El presidente de la Cámara Nacional de Comercio (Canaco) en Tampico, Eduardo Manzur, demandó que funcionarios estatales acudan públicamente a explicar los alcances reales de ambos proyectos, particularmente las posibles afectaciones urbanas, económicas y de movilidad que podrían generar en el puerto.
El dirigente empresarial consideró urgente la presencia del secretario de Obras Públicas, Pedro Cepeda Anaya, así como de autoridades de Transporte y Desarrollo Urbano, para abrir mesas de diálogo y socialización con comerciantes, empresarios y ciudadanos.
“Es importante y urgente que venga el Secretario de Obras Públicas a platicar de qué se trata, por dónde pueden ser las alternativas y las afectaciones”, expresó.
Manzur dejó claro que el sector privado no puede respaldar proyectos cuya dimensión técnica, financiera y urbana todavía resulta incierta para buena parte de la población.
“No es posible apoyar un proyecto que no se conoce”, advirtió.
La postura empresarial revela un problema recurrente en grandes obras de infraestructura pública en México: proyectos anunciados desde el poder político antes de existir una socialización amplia, estudios transparentes o consensos ciudadanos sólidos.
Porque aunque el discurso gubernamental suele presentar este tipo de obras como símbolos de modernidad y desarrollo urbano, la experiencia en distintas ciudades del país también demuestra que muchas terminan generando afectaciones severas al comercio local, caos vial prolongado, endeudamiento público o beneficios desiguales.

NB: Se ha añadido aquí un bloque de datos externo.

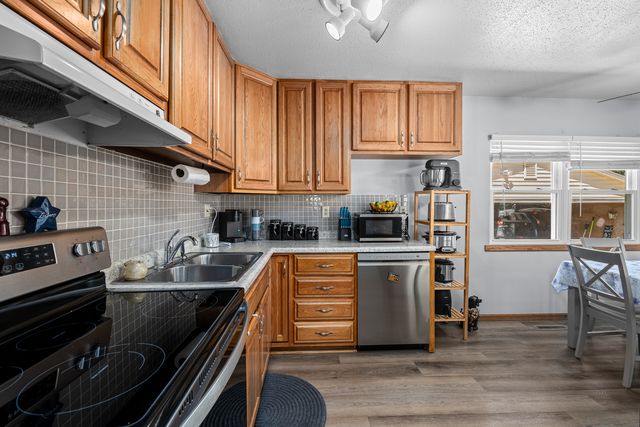 3524 W Columbia Avenue, Davenport, IA 52804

En el caso de Tampico, el debate no es menor.
El proyecto del segundo piso vehicular y la implementación de un sistema BRT podrían transformar de manera profunda la movilidad de la zona conurbada, pero también alterar dinámicas comerciales, rutas urbanas y espacios públicos estratégicos en una de las regiones económicamente más importantes de Tamaulipas.

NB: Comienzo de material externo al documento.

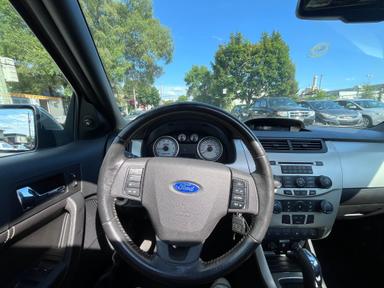Ford Focus 2010 - Thumbnail 4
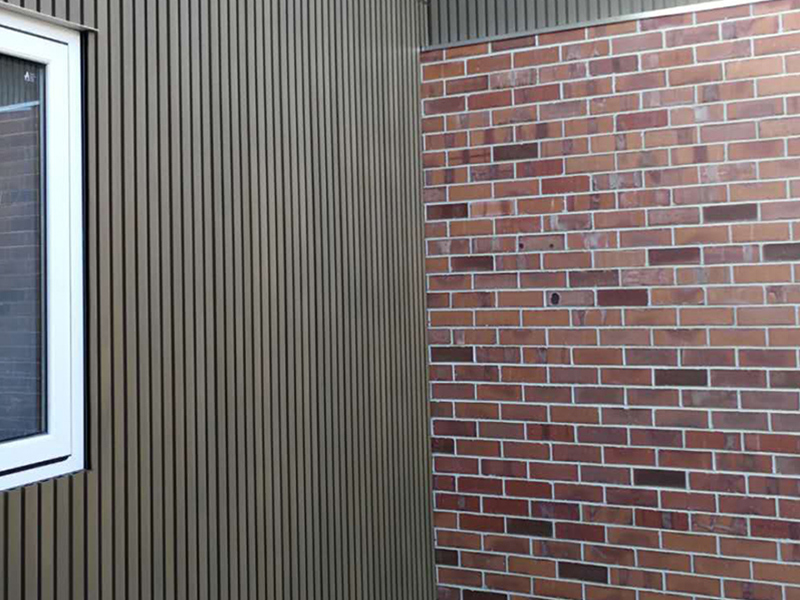 Revestimiento compuesto de pl&aacute;stico de madera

Por eso el reclamo empresarial apunta directamente a un tema sensible: la falta de información pública detallada.
Hasta ahora, persisten dudas sobre costos reales, trazos definitivos, impactos ambientales, tiempos de ejecución, afectaciones a negocios y beneficios concretos para la movilidad urbana.
Y en obras de esta magnitud, la opacidad suele convertirse rápidamente en desconfianza.
El llamado de la Canaco también exhibe una tensión política de fondo: mientras el Gobierno del Estado busca posicionar proyectos de gran impacto como parte de una narrativa de transformación e infraestructura histórica, sectores productivos demandan planeación, transparencia y participación antes de comprometer respaldo social.
La preocupación no es gratuita.
En distintas partes del país, sistemas BRT y segundos pisos han terminado convirtiéndose en proyectos polémicos por sobrecostos, problemas de operación o afectaciones económicas a pequeños y medianos negocios durante años de construcción.
Por ello, el mensaje de los empresarios tampiqueños es claro: el desarrollo urbano no puede construirse únicamente desde escritorios gubernamentales ni anuncios políticos; requiere diálogo, información técnica pública y consenso social.
Porque cuando las grandes obras se explican tarde, las dudas terminan creciendo más rápido que el concreto.